- [TASK] Reproduce the entire listing exactly as written, apart from its pictures.

- [DATA PROVIDED]

··········

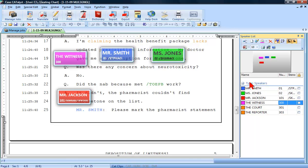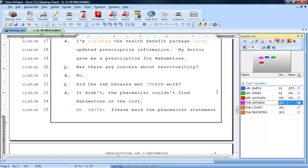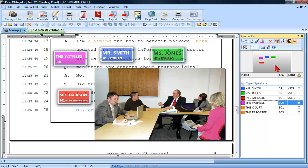The speaker icons are set to display for three seconds and then automatically hide. You can display the speaker indicators by hovering your cursor over the Mini Viewer. Or if you prefer, you can assign the Show All Speakers function to a key on your keyboard map.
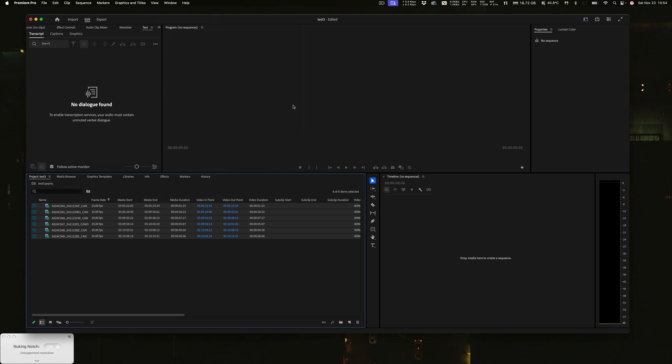So camera in-camera proxies are the best way to go. Resolve can pretty much cope with everything — there's always a way in with Resolve. Final Cut — not happening. Avid — you can do it with limitations. Premiere — you can do it with limitations. But definitely the best way to deal with proxies is to make them as you shoot them. So anyway, I hope that was useful.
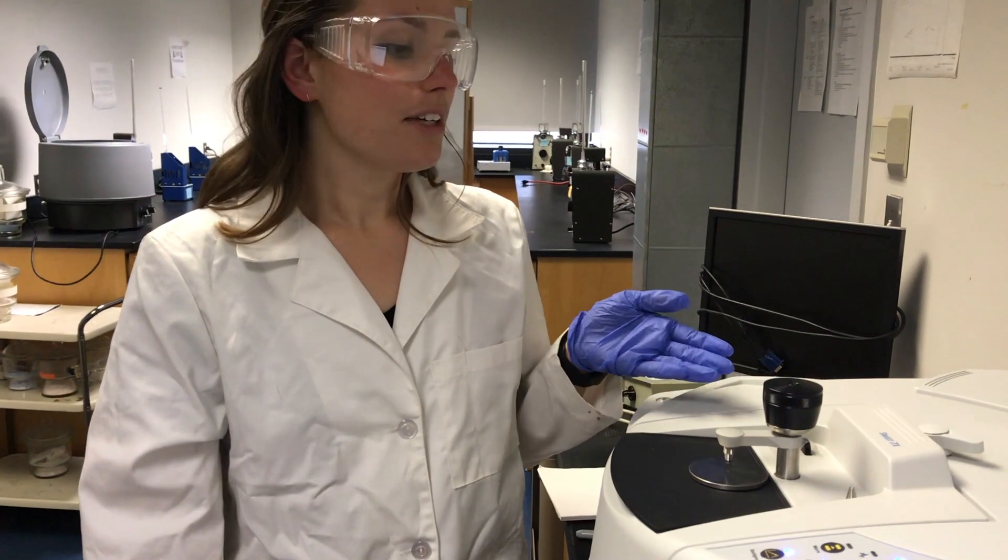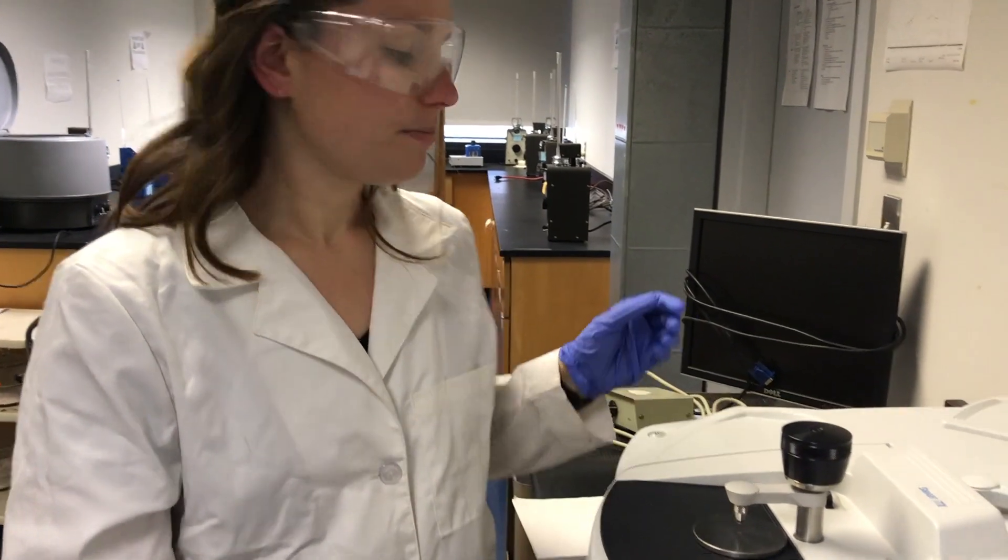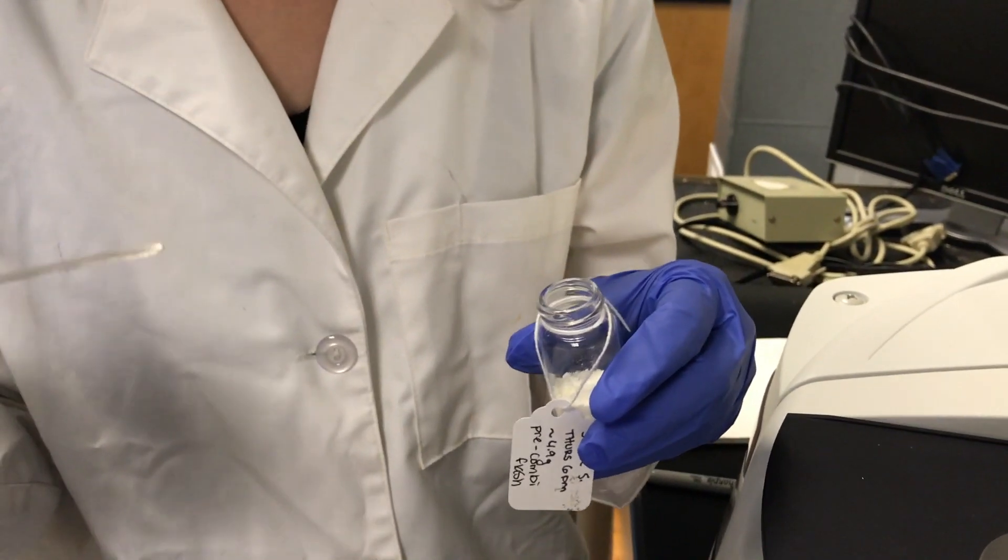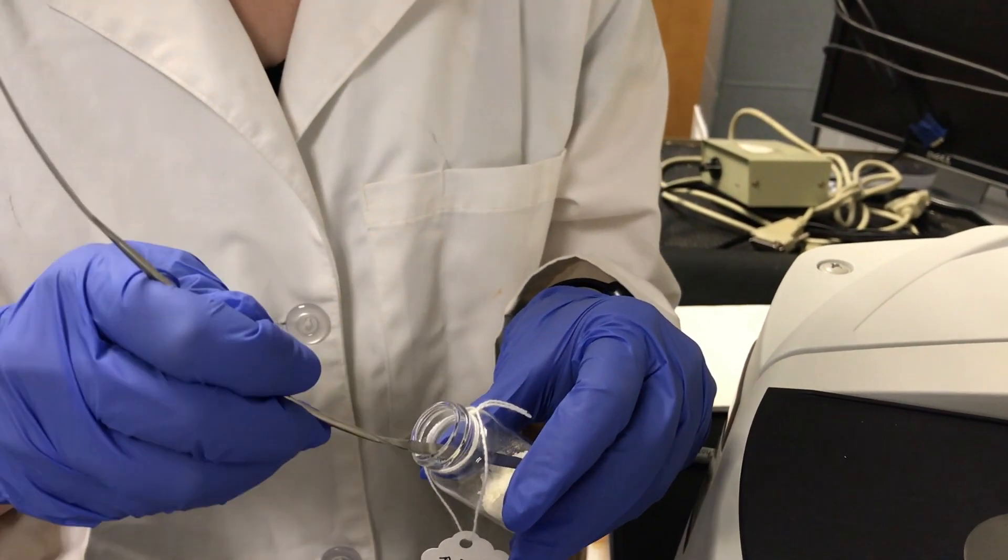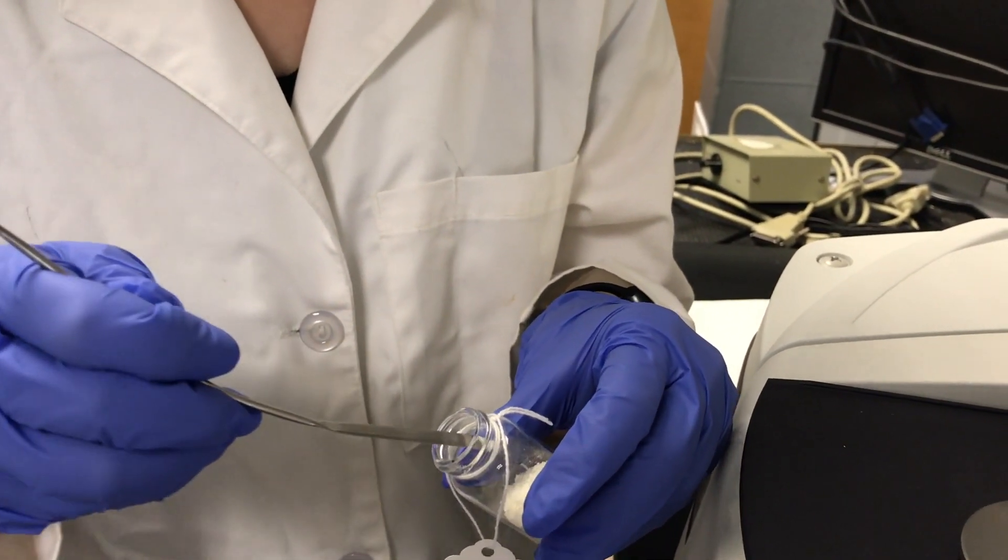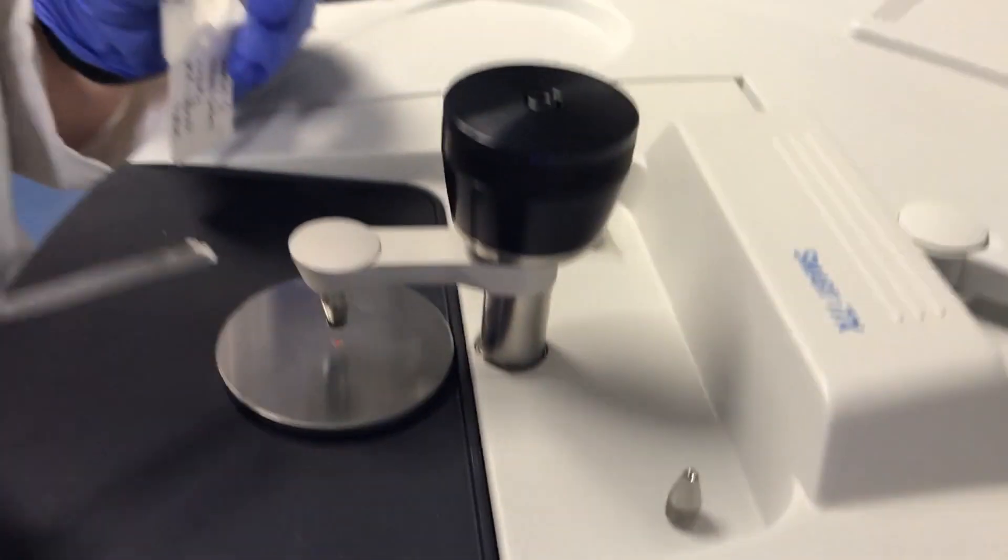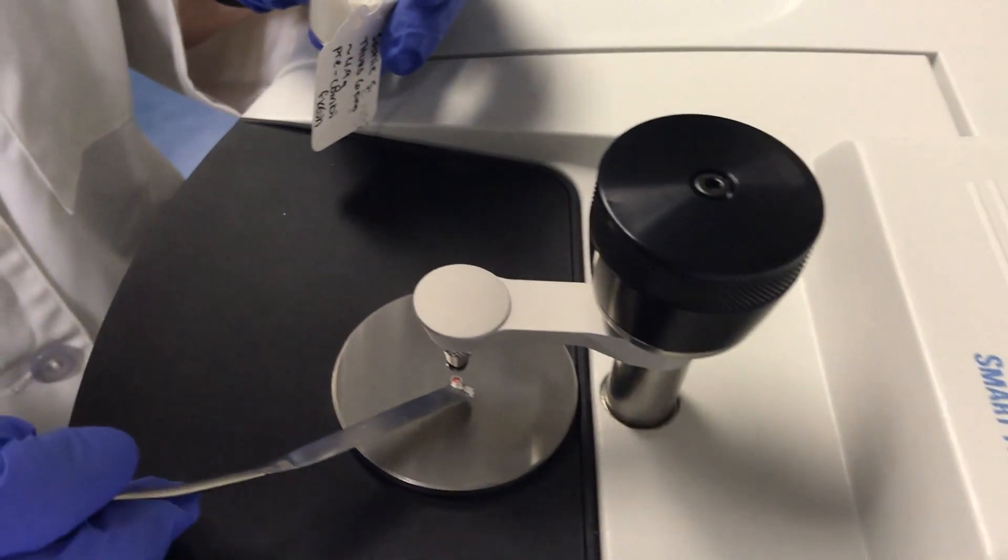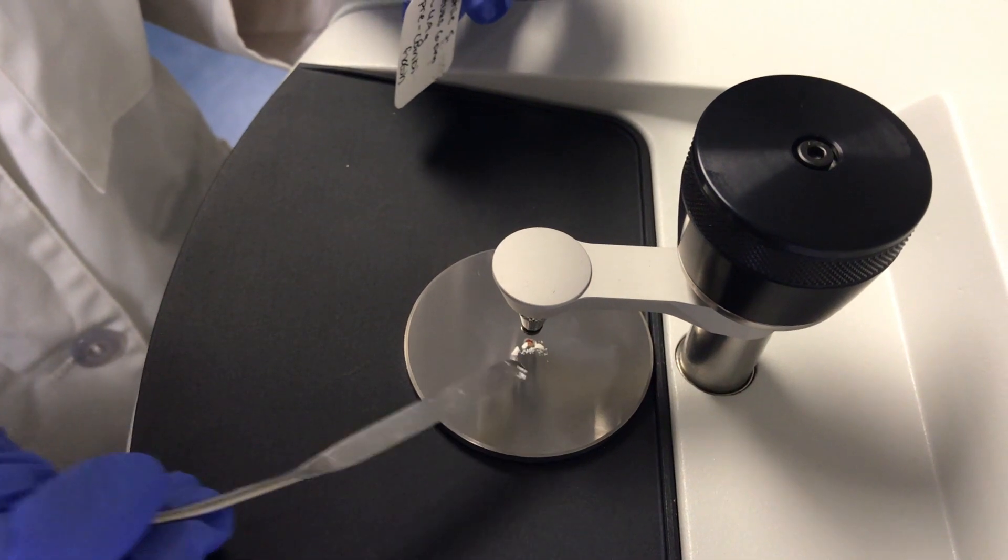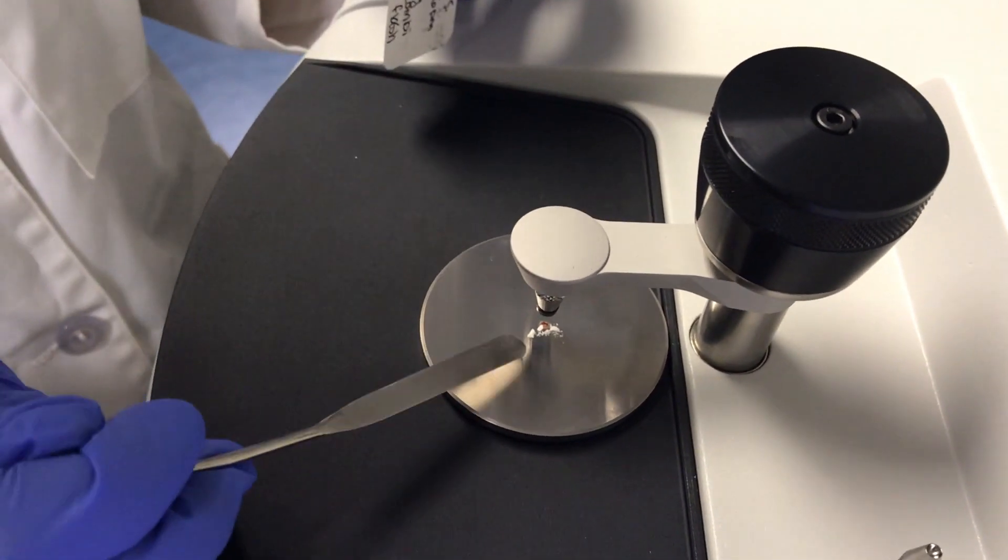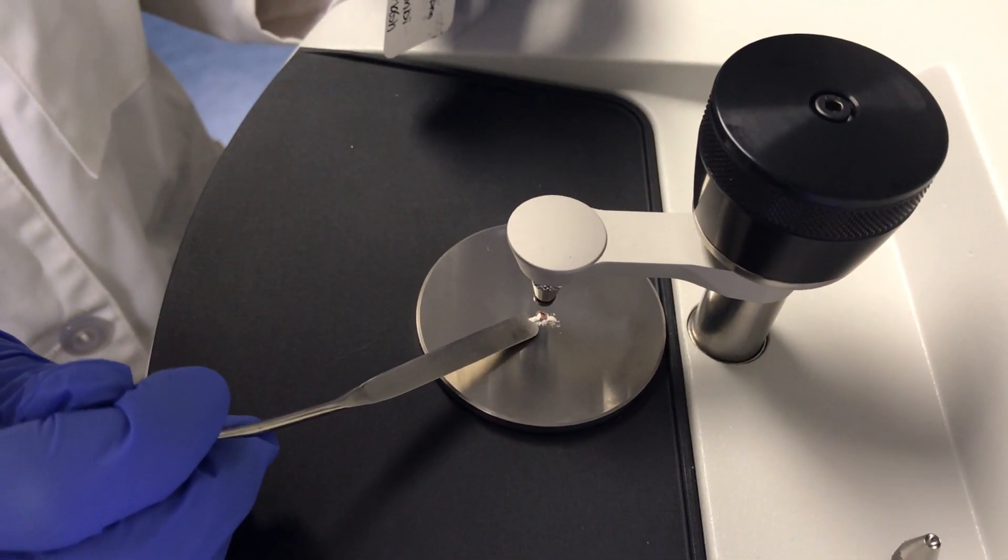Now that you've run your background, you can load your sample onto the crystal. Using the spatula, you're going to want to take a very small amount of the sample. Try to get it as close to the crystal as possible, but if you miss that's okay because you can always move it with the spatula.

··········

- [TASK SOLUTION]
The speaker icons are set to display for three seconds and then automatically hide. You can display the speaker indicators by hovering your cursor over the Mini Viewer. Or if you prefer, you can assign the Show All Speakers function to a key on your keyboard map.
So camera in-camera proxies are the best way to go. Resolve can pretty much cope with everything — there's always a way in with Resolve. Final Cut — not happening. Avid — you can do it with limitations. Premiere — you can do it with limitations. But definitely the best way to deal with proxies is to make them as you shoot them. So anyway, I hope that was useful.
Now that you've run your background, you can load your sample onto the crystal. Using the spatula, you're going to want to take a very small amount of the sample. Try to get it as close to the crystal as possible, but if you miss that's okay because you can always move it with the spatula.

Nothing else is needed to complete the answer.